Meet-Up: Employee Wellbeing

The issue of employee wellbeing puts many employers in a tricky position. On the one hand, they need to bring new employees on board and retain existing ones. On the other hand, many of them can no longer keep up with the increasing expectation of benefits in the “war for talents”.

In order to find a suitable position in this dilemma, HR factory invited HR professionals from different companies to a meet-up. In three workshops and a joint discussion round, experiences and views were exchanged on the following subtopics:

  • Benefits & Performance Management
  • Leadership Culture and Different Generations
  • Employee Wellbeing & Employer Branding

We would like to present the most important findings from the resulting exchange here.

1. Benefits & Performance Management

The individual performance of employees also plays a decisive role in the question of the appropriate quality and quantity of benefits – after all, companies should not lose sight of the performance principle, regardless of the offers that apply to all employees.

💡To ensure that the relationship between motivation, performance and reward is not thrown out of balance, companies should therefore ensure that individual performance incentives are also set.

But how exactly should benefits and individual performance incentives be set? Unfortunately, there can be no universal answer to this question, because the specific framework conditions differ from company to company. But:

💡In order to be able to determine concrete indicators for the right selection of performance incentives and benefits, it is worthwhile to consider the factors industry, target group of employees, and corporate culture.

Is it possible to say whether companies should focus more on individual performance incentives or on general benefits?

💡The right balance of individual performance incentives and general benefits depends on many contextual factors. Companies should therefore conduct an in-depth analysis of their specific starting situation.

2. Leadership Culture and Different Generations

Generational differences have always held the potential for lively discussions. The topic of employee wellbeing is no exception and is currently causing this type of debate to flare up particularly strongly.

The question that keeps coming up: Does Generation Z have excessive expectations of their job?

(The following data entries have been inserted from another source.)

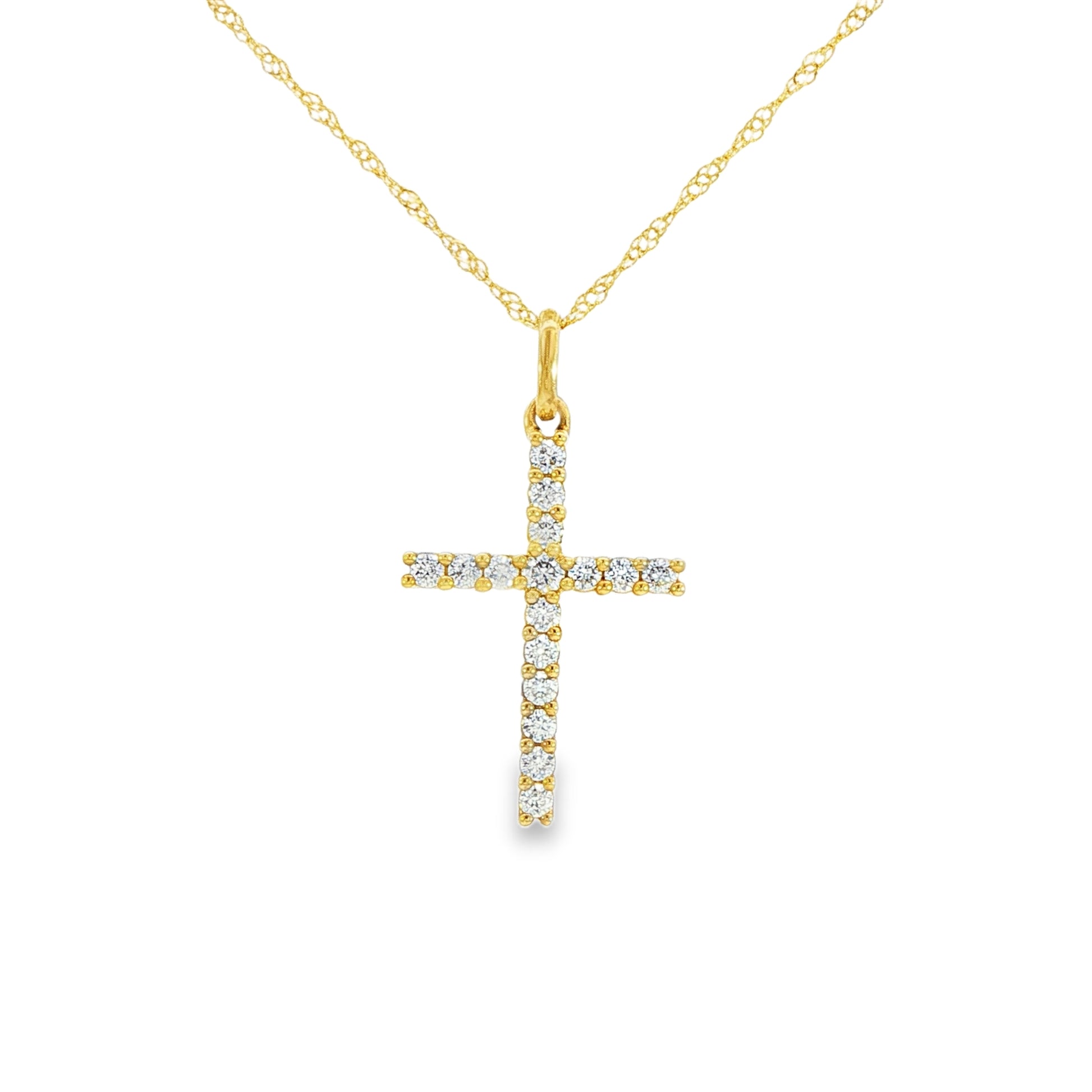 14K Yellow gold necklace with diamond set cross. J31812 - ABC Jewelry Co.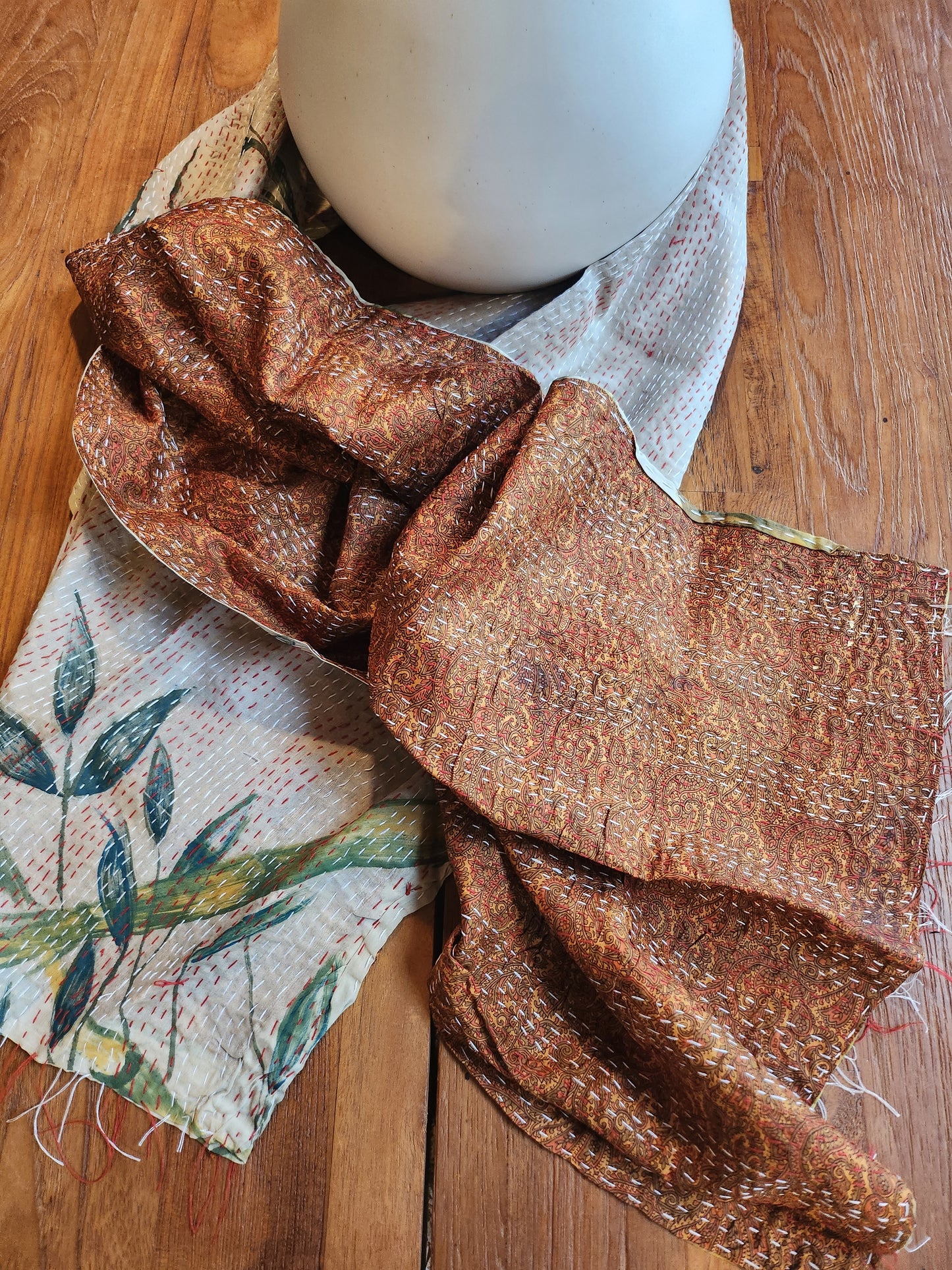 Écharpe kantha feuille de bambou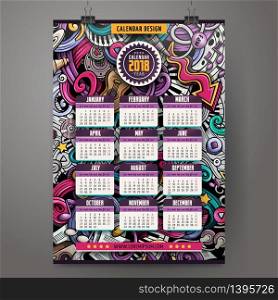 Cartoon colorful hand drawn doodles Musical 2018 year calendar template. English, Sunday start. Very detailed, with lots of objects illustration. Funny vector artwork.. Cartoon doodles Musical 2018 year calendar template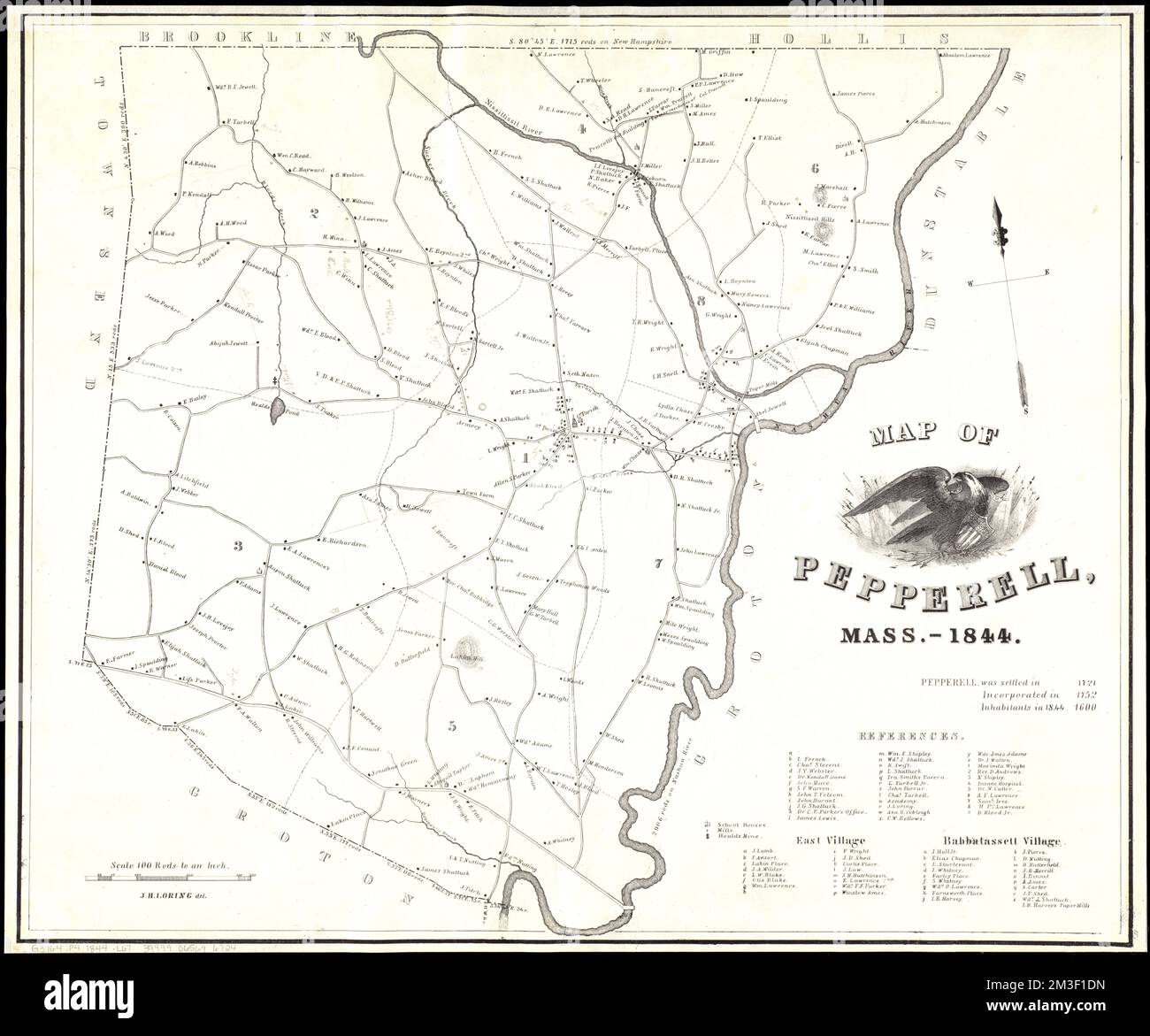 Map of Pepperell, Mass. 1844 , Landowners, Massachusetts, Pepperell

So is the benefits problem a generational problem?

The exciting insight from the exchange between the participants:

💡The participants did not see the challenges behind the topic of employee wellbeing primarily as a generational problem. They placed greater emphasis on the labor market situation and changing expectations of the profession across generations.

The participants definitely perceive new expectations of the profession, which are also – but not only – brought in by Generation Z. These are both a challenge and an opportunity:

💡(1) Managers must increasingly act as individual coaches. (2) Dealing with diversity and different employees can also provide a decisive competitive advantage. Last but not least,(3) the meaningfulness of the business model can play a decisive role in recruiting.

In view of rising burnout figures, the question also remains open from a societal and generational perspective as to what role managers should ascribe to the topic of benefits.

💡While benefits can play an important role in attracting new employees, managers should not lose sight of the holistic view of their company. Work must be healthy and the working conditions in a company must reflect this.

3. Employee Wellbeing & Employer Branding

Employee wellbeing – and especially the topic of benefits – plays an important role in the external image of companies. In the battle for employees, companies want to present themselves as attractive employers, but at the same time they cannot keep up indefinitely with an arms race in benefits.

The first question our participants asked was: Is there already a minimum standard of benefits that is expected of employees?

💡Based on the experiences of the participants, a certain quantity and quality of benefits on the part of the employees is assumed – at least as a tendency.

Following this insight, the question arose: Is it possible to specify exactly which benefits are (or should be) considered standard?

💡The perception of benefits can vary greatly. What some employees consider a benefit, others take for granted.

In addition to analyzing the initial situation, the workshop participants also wanted to think about concrete solutions. Therefore, with regard to the efficiency of benefits, they asked themselves how to achieve a higher commitment of employees to benefits. The following thesis was put forward:

💡A financial participation of employees in benefits (e.g. in the form of 25% of the costs) could increase the probability that the benefits are actually used.

4. Conclusion

Some overarching insights can be drawn from the great exchange between the participants:

  • There is no simple answer to the question of the right level of Employee Wellbeing.
  • Employee wellbeing measures can create a competitive advantage, but your own organization must find the right composition for this in terms of trend topics, industry, corporate culture, target group and administrative feasibility.
  • A benefits portfolio should not be static: it must be regularly revised and communicated. This is the only way to prevent it from becoming a matter of course.
  • Wellbeing benefits and traditional performance management tools should not be mixed. Performance must be worthwhile – regardless of the question of employee wellbeing.

HR factory would like to thank all participants again for the great exchange. We are very much looking forward to the next Meet-Up with you!